■ **Dataset excerpt**
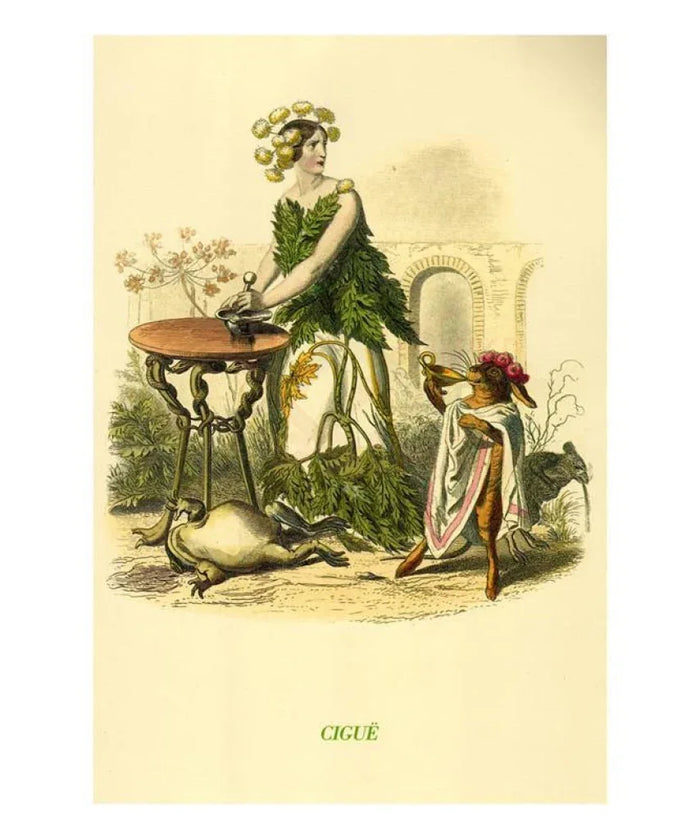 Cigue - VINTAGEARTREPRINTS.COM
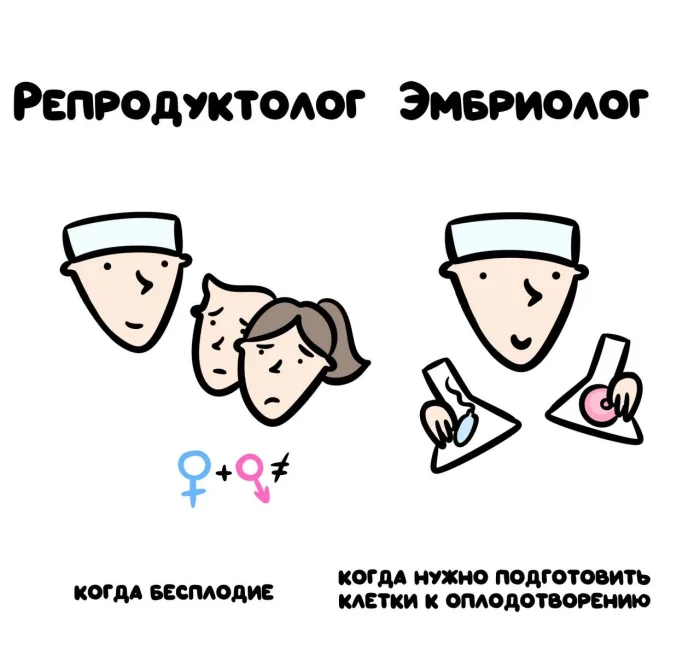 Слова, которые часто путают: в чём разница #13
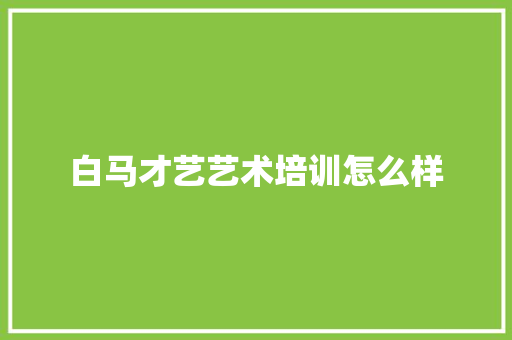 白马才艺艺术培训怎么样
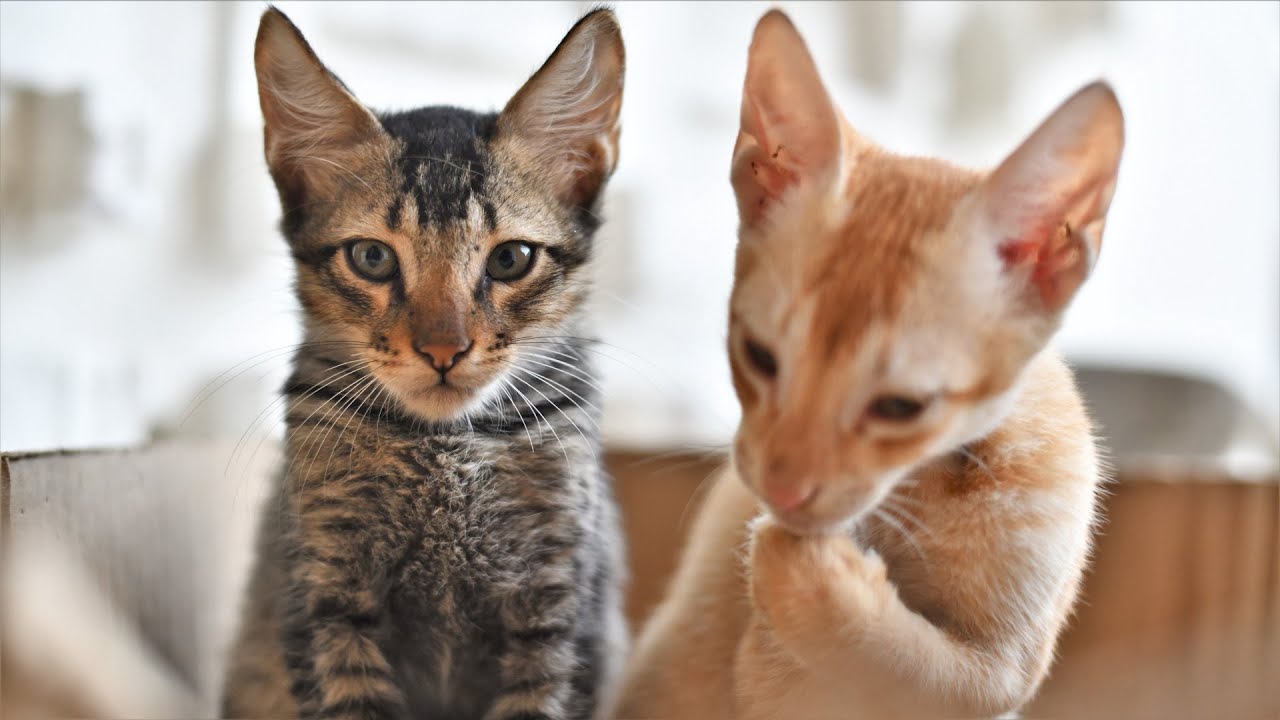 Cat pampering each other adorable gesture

■ **Work instruction**
Return the listing unchanged except for the pictures, which should be dropped.

■ **Reply**
 Cigue - VINTAGEARTREPRINTS.COM
 Слова, которые часто путают: в чём разница #13
 白马才艺艺术培训怎么样
 Cat pampering each other adorable gesture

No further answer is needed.